About this task
In the listing below, the lines starting with the line with "MCM Coated Canvas" and going on through the line with "istock Steam train" are to be reproduced exactly, and only those.

Provided data

^^^^^^^^^^^^^^^^

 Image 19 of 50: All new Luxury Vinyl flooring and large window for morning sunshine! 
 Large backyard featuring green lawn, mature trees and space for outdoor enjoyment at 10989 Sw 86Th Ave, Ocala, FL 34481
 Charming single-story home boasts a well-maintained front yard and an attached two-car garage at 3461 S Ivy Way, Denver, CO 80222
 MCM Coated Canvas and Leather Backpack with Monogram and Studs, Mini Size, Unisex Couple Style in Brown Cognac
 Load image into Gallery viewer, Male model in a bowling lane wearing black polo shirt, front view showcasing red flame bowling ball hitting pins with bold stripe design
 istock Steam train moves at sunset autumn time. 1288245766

^^^^^^^^^^^^^^^^

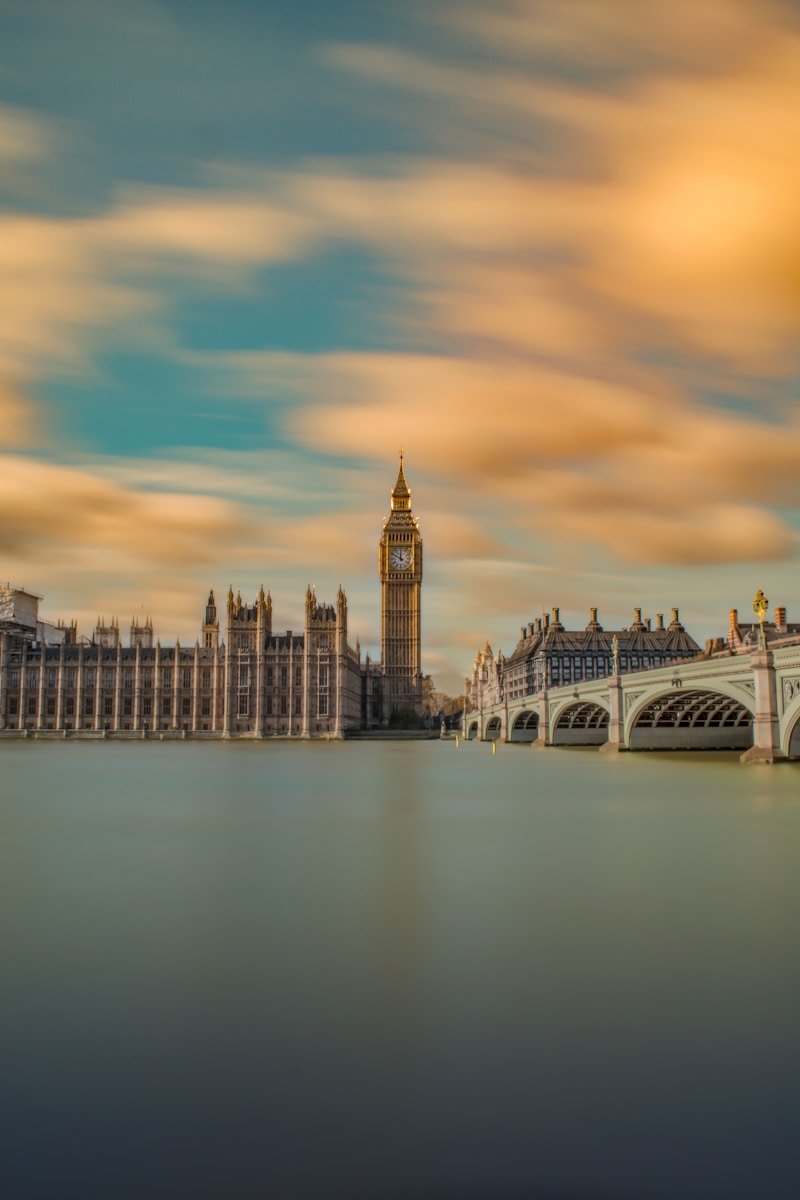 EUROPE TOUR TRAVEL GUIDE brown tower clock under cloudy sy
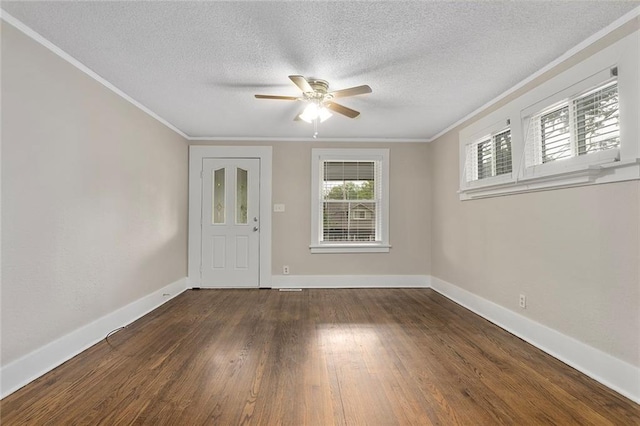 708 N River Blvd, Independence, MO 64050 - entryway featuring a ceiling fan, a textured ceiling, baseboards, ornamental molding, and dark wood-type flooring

^^^^^^^^^^^^^^^^

Answer space
 MCM Coated Canvas and Leather Backpack with Monogram and Studs, Mini Size, Unisex Couple Style in Brown Cognac
 Load image into Gallery viewer, Male model in a bowling lane wearing black polo shirt, front view showcasing red flame bowling ball hitting pins with bold stripe design
 istock Steam train moves at sunset autumn time. 1288245766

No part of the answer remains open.